2010 is designated the European Year for Combating Poverty and Social Exclusion, with civil society groups and various governmental agencies aiming to boost cooperative efforts. In spite of longstanding pledges by leaders to make an impact reducing poverty, an estimated 80 million Europeans today live with it.
Charity workers across the EU are in the front lines every year. Euronews went out with a team in Brussels, and heard from a few of the people they help.
One said: “I got into money trouble… after my grandad died. I haven’t got a fixed home any more.”
Another confided: “All my family are dead. I don’t have anyone left. There’s no one for me to turn to.”
Exclusion from society does not only affect individuals’ wellbeing; it has a cumulative affect on society’s economic development. Exclusion cuts people adrift.
Nicolas Dermine, with ‘Samu social de Bruxelles’, said: “Since the economic crisis struck, and maybe before it, we’ve started to see quite a change among the homeless, finding more street people coming from France, Spain and Holland…”

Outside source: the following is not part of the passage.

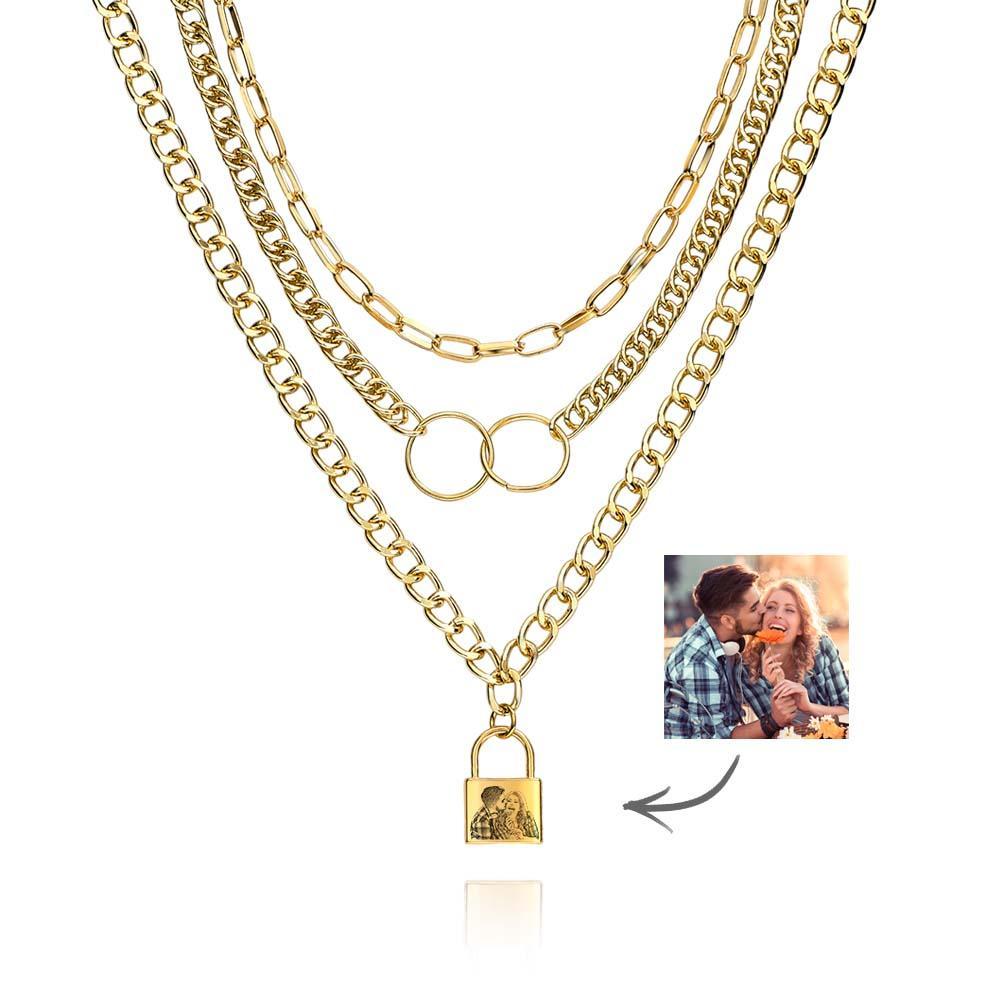 Triple Chain Set Personalized Photo Necklace with Lock - soufeelus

The European Union Year against poverty will be launched officially on 21 January, in Madrid, at a high-level conference organised by the Spanish EU presidency and the European Commission.
The Fourth World social distress assistance movement ‘ATD Quart Monde’, as part of its programme, promotes dialogue between poor people and others who have not experienced poverty.
ATD Quart Monde’s Régis De Muylder said: “People who live in poverty today have more difficulty than they did ten years ago getting access to fundamental rights, whether it’s housing, education or healthcare.”
In targeted awareness campaigns, the EU is stressing the importance of collective responsibility. According to Brussels, 19 million European children are exposed to the risks of poverty.